Por Carlos Tercero / EL INDEPENDIENTE

En México, fueron décadas de lucha, en las que las mujeres se organizaron y alzaron sus voces para reclamar su participación activa en la vida política de mediados del siglo XX…

Las siete décadas que han transcurrido desde que constitucionalmente se reconoció el derecho de la mujer mexicana a votar y ser electa a nivel federal, refleja con claridad la lentitud con que evolucionamos en algunos temas fundamentales para el desarrollo político y democrático del país.

Fue un 6 de abril de 1952, cuando más de 20 mil mujeres se reunieron en el parque deportivo “18 de Marzo” de la Ciudad de México, reclamando personalmente al entonces candidato presidencial, el veracruzano Adolfo Ruiz Cortines, asumir el compromiso de elevar a nivel constitucional, el derecho de las mexicanas a votar y ser votadas.

Por supuesto que, sin restarle un ápice de reconocimiento al movimiento sufragista, es oportuno reconocer el cumplimiento al compromiso de campaña, la voluntad política y visión de Estado del Presidente Ruiz Cortines, quien un 17 de octubre de 1953, promulgó la reforma constitucional que otorgaba a las mujeres el derecho a votar y ser votadas para puestos de elección popular, reforma que de ninguna manera fue una concesión, sino el resultado de una larga lucha feminista que marcó un parteaguas en la historia y evolución política de México, y sensible aportación a la lucha por la igualdad de género que venía evolucionando y creciendo en el mundo, la cual comenzara en Nueva Zelanda, al autorizar el voto femenino en 1893; Finlandia les permitió el ser electas al Parlamento en 1906; Noruega el que pudieran votar en 1913; Dinamarca en 1915, la Unión Soviética en 1917; el Reino Unido, Austria, Estonia y Polonia en 1918; Alemania, Luxemburgo y Suecia en 1919; República Checa y Eslovaquia en 1920, al igual que Estados Unidos, con la salvedad de que únicamente se logró para las mujeres de raza blanca, (las afroamericanas pudieron hacerlo hasta 1965); España en 1931; y en Latinoamérica, el pionero fue Uruguay en 1927.

En México, fueron décadas de lucha, en las que las mujeres se organizaron y alzaron sus voces para reclamar su participación activa en la vida política de mediados del siglo XX, época de inquietud y transformación político-social tras la Revolución Mexicana y a más de un siglo de la consumación de la Independencia, en la que el país experimentaba nuevamente una serie de cambios significativos en su estructura gubernamental y en la forma en que se concebía la participación ciudadana, en el camino hacia una República más incluyente y democrática, y en la que el voto femenino seguía siendo asignatura pendiente.
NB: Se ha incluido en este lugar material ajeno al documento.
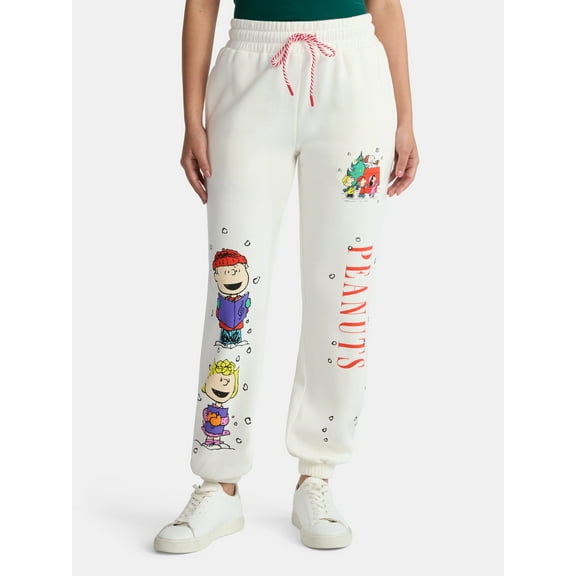 Peanuts Women's Holiday Graphic Jogger Pants with Drawstring Waist, Sizes XXS–2XL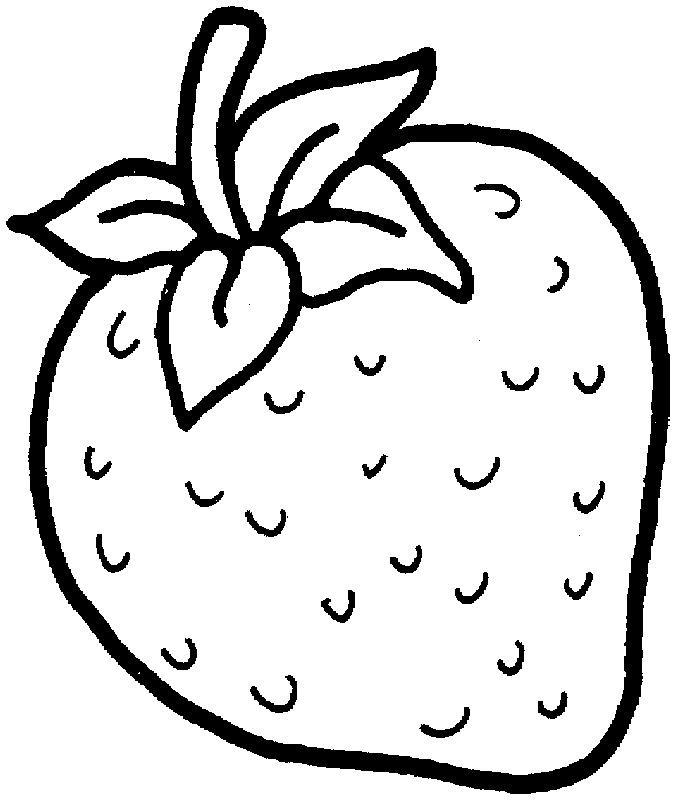 strawberry clipart black and white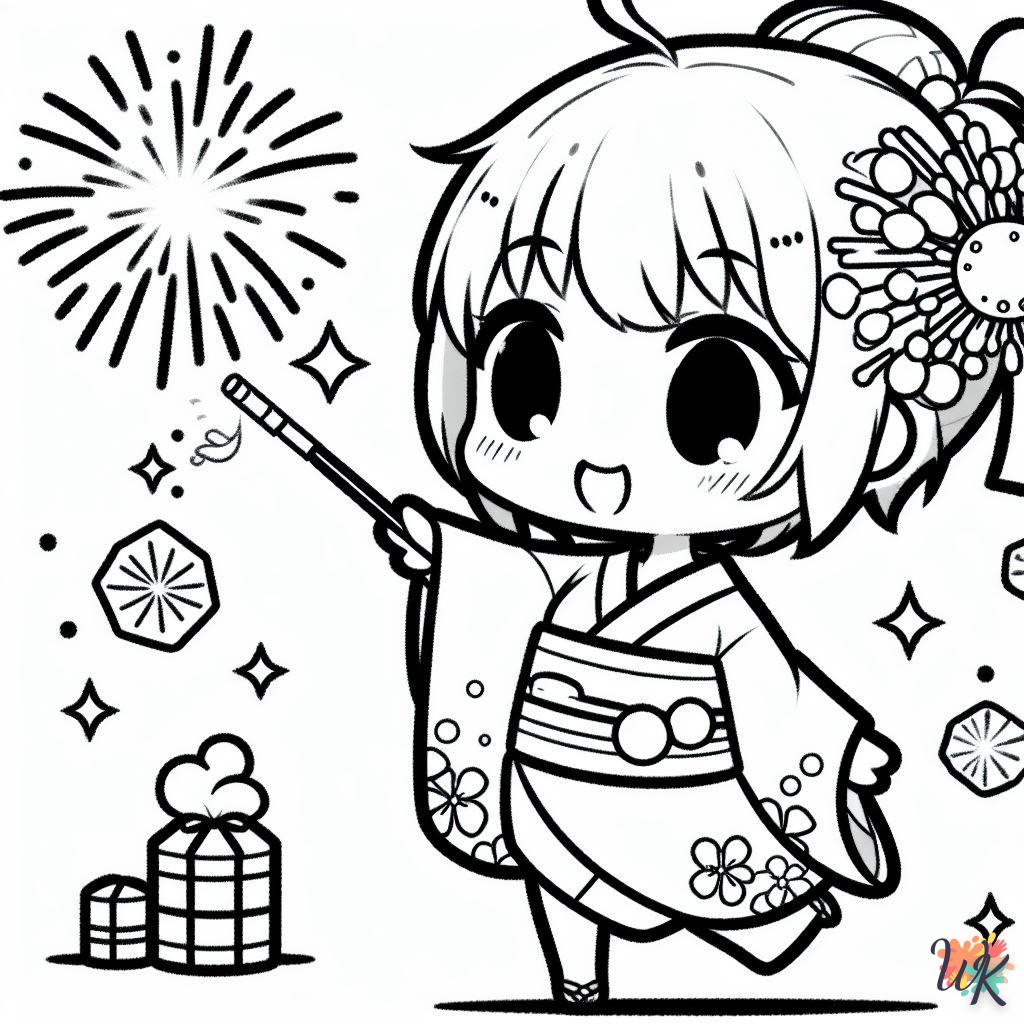 coloriage Feu d'artifice  à imprimer pdf gratuit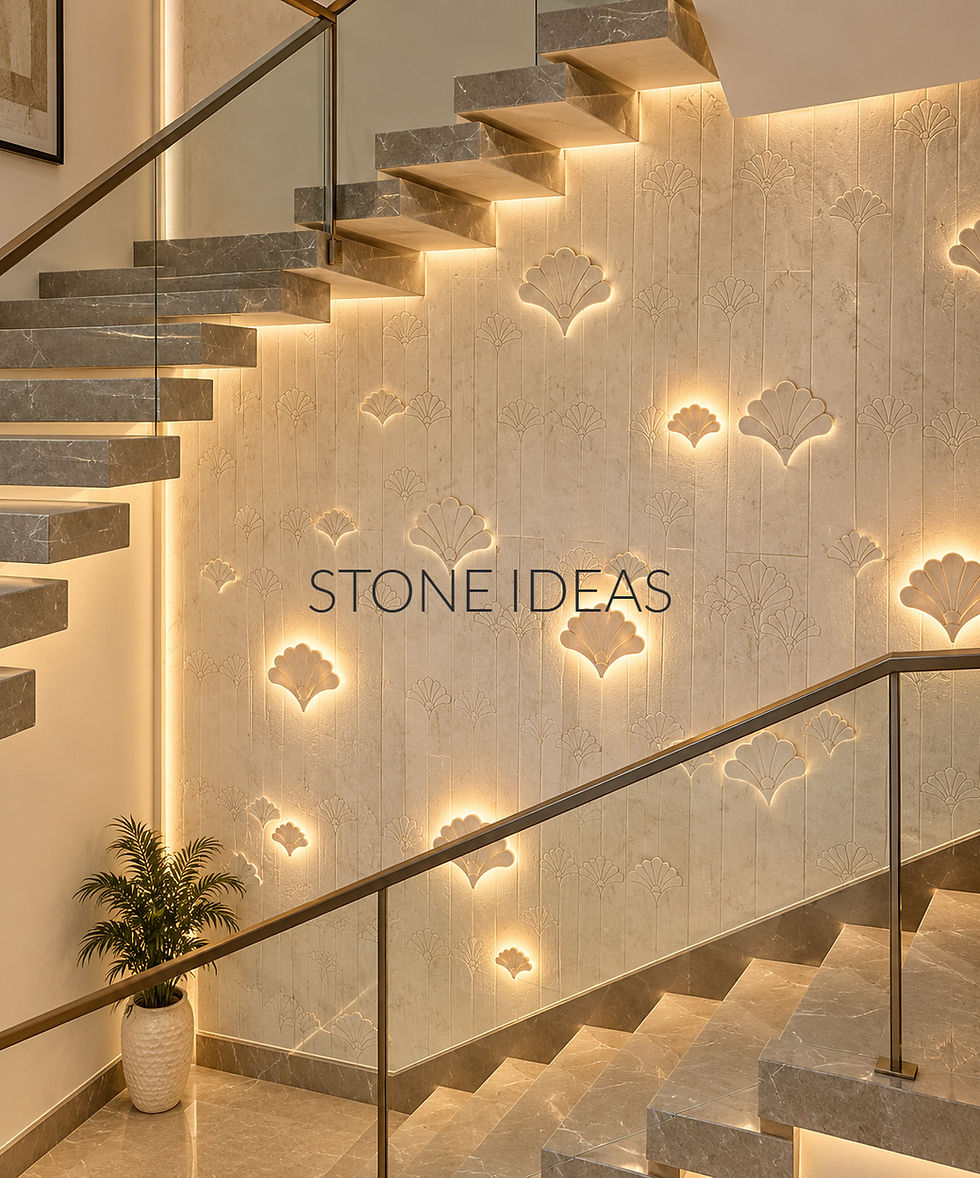 staircase stone wall design flower
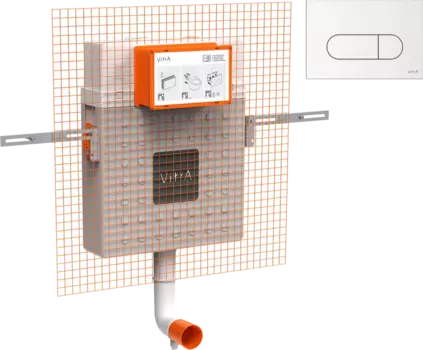 Смывной бачок скрытого монтажа VitrA V12 762-1740-01 + Кнопка смыва VitrA Root Square 740-2200 белая глянцевая 762-1740-01+740-2200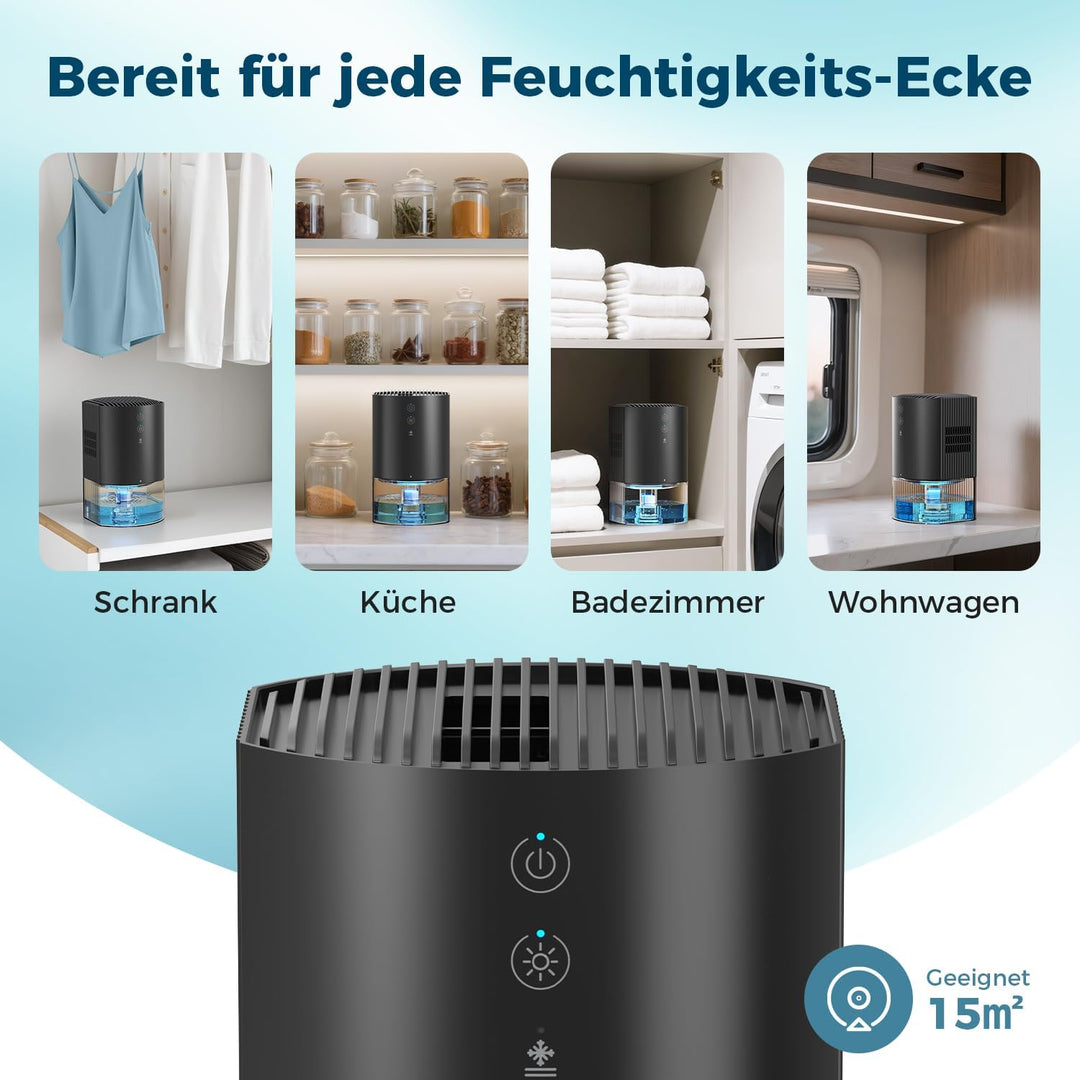 AROEVE Luftentfeuchter 990ml, Kleiner Elektrischer Raumentfeuchter | 7-Farben-Licht, Auto-Abschaltun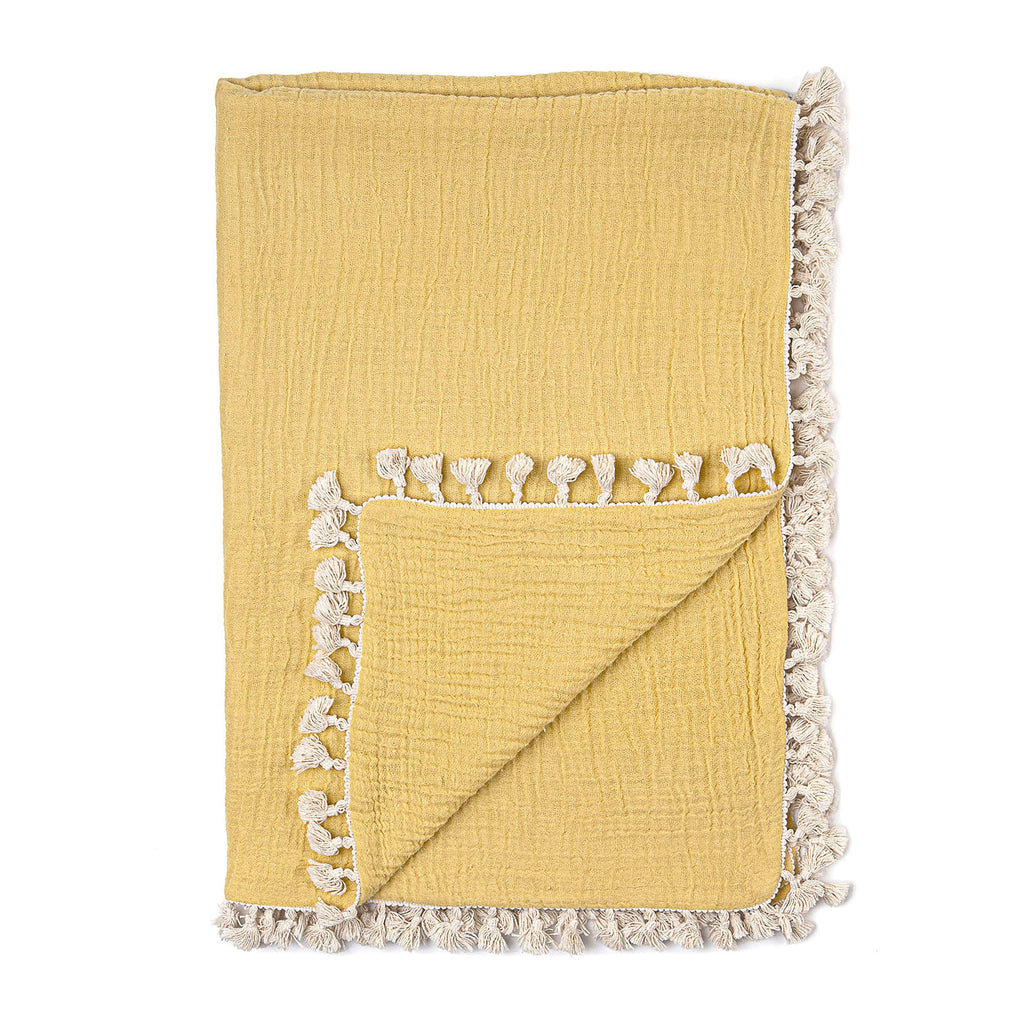 Crane Baby 6 Layer Muslin Blanket  - Ochre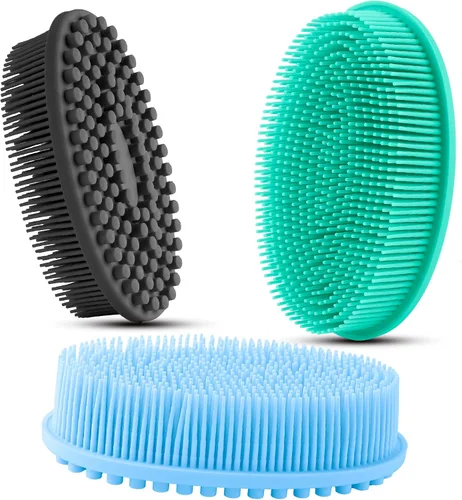 Miniatura 12 de Paquete de 3 unidades de esponja de silicona suave, exfoliante corporal de silicona suave, cepillo corporal de silicona para baño y ducha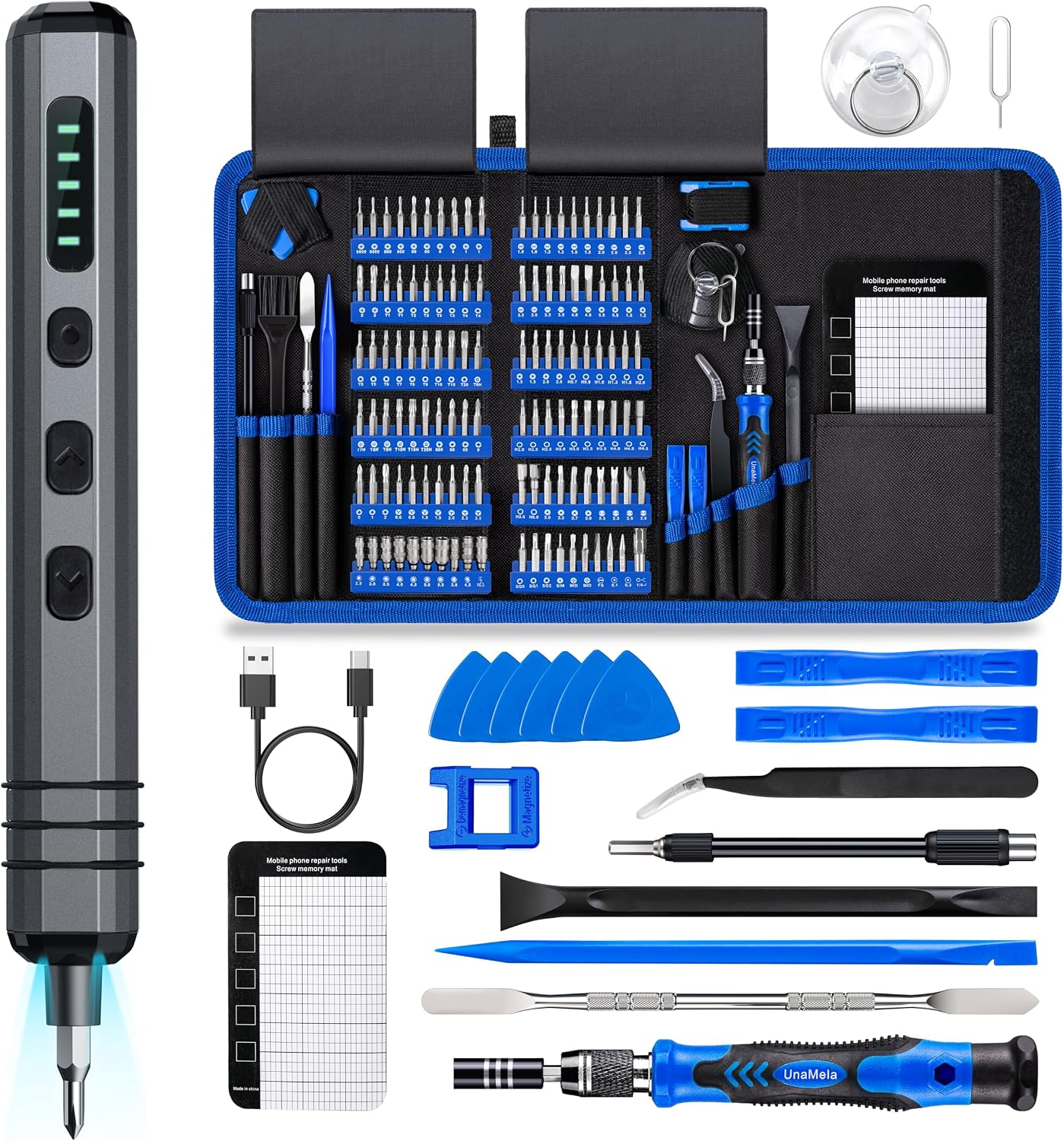 Detalle de UnaMela Mini Electric Screwdriver Set 140-in-1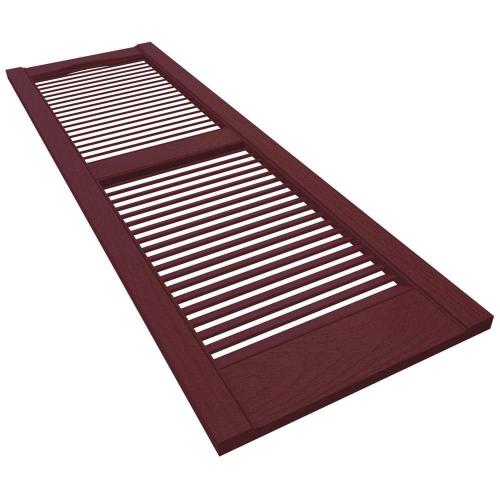 14.5 in. x 43 in. Louvered Vinyl Exterior Shutters Pair in Wineberry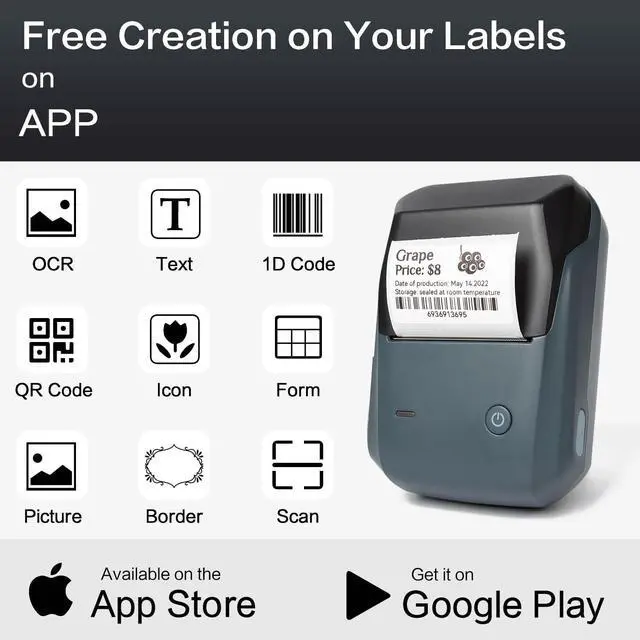 Alt view image 3 of 5 - LMASBLTER B1 Black Label Makers-Barcode Label Printer Bluetooth Portable Thermal Printer for Small Business,Address,Logo,Clothing,Jewelry, Retail+2 Rolls Clear Address Round Label Label Maker Tape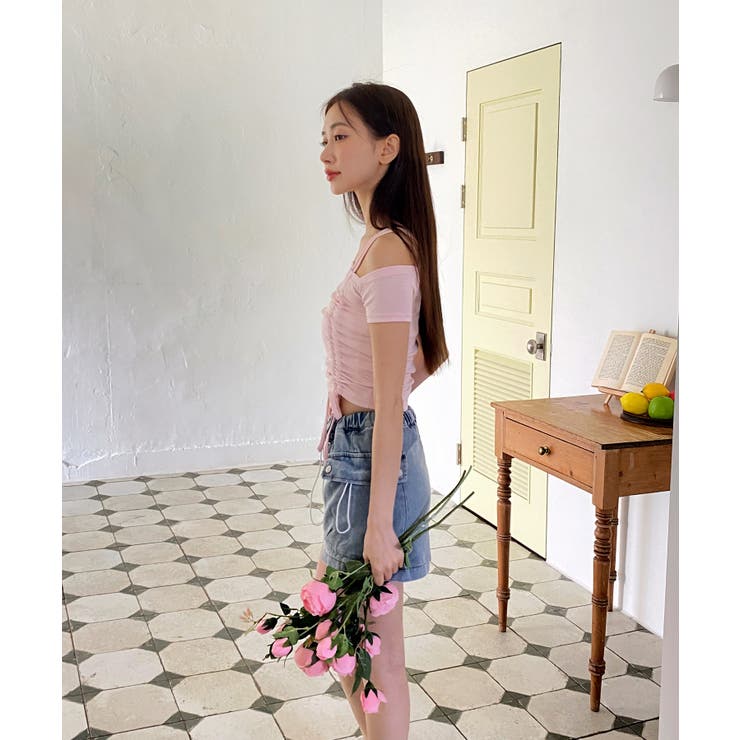 ダブルストラップシャーリング半袖Tシャツ | by muni:r | 詳細画像18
El reconocimiento del voto a la mujer se conquistó gracias a la lucha y tenacidad asistida en la razón, de miles de mujeres, quienes representando más de la mitad de la población nacional, demandaron el pleno reconocimiento y aceptación de su ciudadanía, destacando entre ellas figuras como Esperanza Balmaceda, Elvia Carrillo Puerto, Raquel Dzib Cicero, Hermila Galindo Acosta, María Refugio “Cuca” García, Beatriz Peniche Barrera y Margarita Robles Díaz, cuya voz y fuerza consolidaron socialmente el movimiento sufragista hasta convertirlo en una victoria colectiva que al fin y justamente integraba a la ciudadanía por igual y sin distinción, a mujeres intelectuales que campesinas, maestras que amas de casa, obreras y estudiantes; quienes no solo demandaban el derecho al voto, sino que también aspiraban a una participación activa en todos los ámbitos de la sociedad. 

Hoy en México, es impensable siquiera la exclusión política de las mujeres, muestra de ello, las dos candidaturas más viables, al momento, para la presidencia.

La voz de la mujer mexicana ha resonado siempre en los momentos de mayor trascendencia de la vida de la Nación”, y sus derechos ciudadanos y políticos son, no solo esenciales, sino obligados para una sociedad equitativa, democrática y justa; donde la igualdad plena va más allá del voto y que aún tiene pendientes como la equidad salarial, una vida libre de violencia, el acceso a las mismas oportunidades en cada uno de los ámbitos de la vida en comunidad como el empleo, educación, vivienda, salud, etc. y que, por tanto, es tarea de todos.